The District of Kent Council has voted to proceed with an application to remove the old Twilhaar farm – also known as the Teacup property – from Agricultural Land Reserve (ALR) so the owners can build houses. This is the third attempt to remove this piece of prime farmland. The first was voted down by a previous council and the second was rejected by the Agricultural Land Commission (ALC). Under new rules, the district can apply directly to the ALC, on behalf of developers, but reasons to oppose the removal remain the same.

The new rules are intended to increase public input, yet in Kent, there has been no meaningful consultation. Instead, council has chosen to infer public support from a 2014 Official Community Plan (OCP) review, when a handful of residents supported putting the Twilhaar farm into a ‘residential reserve’, a designation the ALC doesn’t recognize. Politicians and developers don’t want consultations because they know the public overwhelmingly supports protecting farmland. They also know new housing on bare farmland will undermine local real estate prices, already trending down in tandem with lower prices in Vancouver.

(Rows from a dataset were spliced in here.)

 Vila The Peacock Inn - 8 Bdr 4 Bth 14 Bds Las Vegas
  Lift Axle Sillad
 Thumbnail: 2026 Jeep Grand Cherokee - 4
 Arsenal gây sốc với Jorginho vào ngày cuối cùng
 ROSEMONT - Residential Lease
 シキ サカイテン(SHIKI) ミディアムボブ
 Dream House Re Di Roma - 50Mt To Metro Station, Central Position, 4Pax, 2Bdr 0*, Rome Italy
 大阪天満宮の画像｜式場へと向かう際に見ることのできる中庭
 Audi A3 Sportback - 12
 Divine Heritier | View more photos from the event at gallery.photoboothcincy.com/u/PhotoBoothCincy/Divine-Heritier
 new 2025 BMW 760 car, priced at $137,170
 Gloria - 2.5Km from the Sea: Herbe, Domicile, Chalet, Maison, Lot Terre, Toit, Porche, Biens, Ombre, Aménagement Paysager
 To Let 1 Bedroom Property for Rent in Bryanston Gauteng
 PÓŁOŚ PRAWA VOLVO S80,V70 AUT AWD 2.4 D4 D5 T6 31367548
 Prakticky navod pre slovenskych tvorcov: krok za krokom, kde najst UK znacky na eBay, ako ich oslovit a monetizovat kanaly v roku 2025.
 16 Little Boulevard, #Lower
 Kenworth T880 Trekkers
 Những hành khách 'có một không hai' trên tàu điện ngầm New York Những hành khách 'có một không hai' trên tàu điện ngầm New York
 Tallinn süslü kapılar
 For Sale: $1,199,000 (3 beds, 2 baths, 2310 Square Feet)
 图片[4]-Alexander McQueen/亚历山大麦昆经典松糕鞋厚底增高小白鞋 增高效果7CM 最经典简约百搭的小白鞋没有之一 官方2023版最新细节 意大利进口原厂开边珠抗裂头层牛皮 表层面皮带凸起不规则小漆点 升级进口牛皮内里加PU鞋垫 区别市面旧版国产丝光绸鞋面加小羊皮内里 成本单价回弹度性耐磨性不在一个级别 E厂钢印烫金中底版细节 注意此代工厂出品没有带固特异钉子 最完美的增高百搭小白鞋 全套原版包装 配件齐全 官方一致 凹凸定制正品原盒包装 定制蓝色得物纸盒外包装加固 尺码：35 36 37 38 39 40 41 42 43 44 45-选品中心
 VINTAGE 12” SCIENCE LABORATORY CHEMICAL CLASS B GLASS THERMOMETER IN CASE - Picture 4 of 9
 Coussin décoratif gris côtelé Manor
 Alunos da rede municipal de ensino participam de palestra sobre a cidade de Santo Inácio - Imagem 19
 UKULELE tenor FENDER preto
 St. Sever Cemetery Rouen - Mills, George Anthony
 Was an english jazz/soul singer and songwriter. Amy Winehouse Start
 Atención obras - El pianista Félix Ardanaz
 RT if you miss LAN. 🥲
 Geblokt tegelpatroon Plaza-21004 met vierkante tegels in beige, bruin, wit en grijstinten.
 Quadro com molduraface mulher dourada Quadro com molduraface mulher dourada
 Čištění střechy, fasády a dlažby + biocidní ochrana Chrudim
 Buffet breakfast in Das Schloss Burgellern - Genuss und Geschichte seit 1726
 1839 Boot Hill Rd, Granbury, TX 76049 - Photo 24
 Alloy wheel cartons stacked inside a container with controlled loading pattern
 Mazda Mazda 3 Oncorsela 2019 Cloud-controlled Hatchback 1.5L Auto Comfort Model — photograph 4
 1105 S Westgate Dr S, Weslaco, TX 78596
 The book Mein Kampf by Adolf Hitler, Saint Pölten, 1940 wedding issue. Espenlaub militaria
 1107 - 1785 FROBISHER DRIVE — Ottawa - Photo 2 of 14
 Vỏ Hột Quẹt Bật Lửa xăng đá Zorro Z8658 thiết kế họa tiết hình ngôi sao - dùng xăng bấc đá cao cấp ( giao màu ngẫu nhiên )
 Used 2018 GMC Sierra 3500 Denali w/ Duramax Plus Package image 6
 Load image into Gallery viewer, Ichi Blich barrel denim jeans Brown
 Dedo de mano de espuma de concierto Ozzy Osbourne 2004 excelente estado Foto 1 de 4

Where’s the plan? Council says details of the proposed housing development can wait until after the removal is approved, but that will leave the community with far less leverage. The developers could sell the land, for instance, and new owners might have different ideas, including commercial and industrial development. Councils change, too, along with promises and priorities. Kent council also lacks a coherent vision for long-term growth, except to say that future removals of farmland, once the Twilhaar farm is built up, are a problem for future councils.

Prime farmland sells for $100,000 an acre or more, while development land costs ten times as much, making those 40 acres worth at least $40 million before any houses are built. That could easily fund a new indoor public pool, yet developers are offering a miserly $3 million over 20 years. To offset the loss of 40 acres of prime farmland, developers are offering 100 boggy acres outside the dyke, until recently covered by scraggly bush.

Necessity is the mother of invention. When the removal of the Twilhaar farm was first proposed, the developers insisted that infill housing was too onerous and expensive, yet creative infilling has happened and will continue to happen, unless we keep offering up bare farmland.

Owners of the Twilhaar farm never intended to farm yet benefited from lower agricultural prices and property taxes. Meanwhile, the land is growing hedging cedars, with each crop removing tons of topsoil, gradually rendering the land infertile, and perhaps that’s the point. Those owners stand to reap a windfall, while real farmers, who uphold the integrity of the ALR, find land around Agassiz priced out of reach as speculators bet on cashing in.

Hard decisions take courage. The ALR affirms the importance of food security by putting long-term sustainability ahead of short-term financial gain. Local farmers and politicians have historically supported that vision, valuing agriculture while avoiding sprawl and strip malls. Those decisions required foresight and political courage, and the same is true here. An information meeting will be held on March 10. Come out and be heard.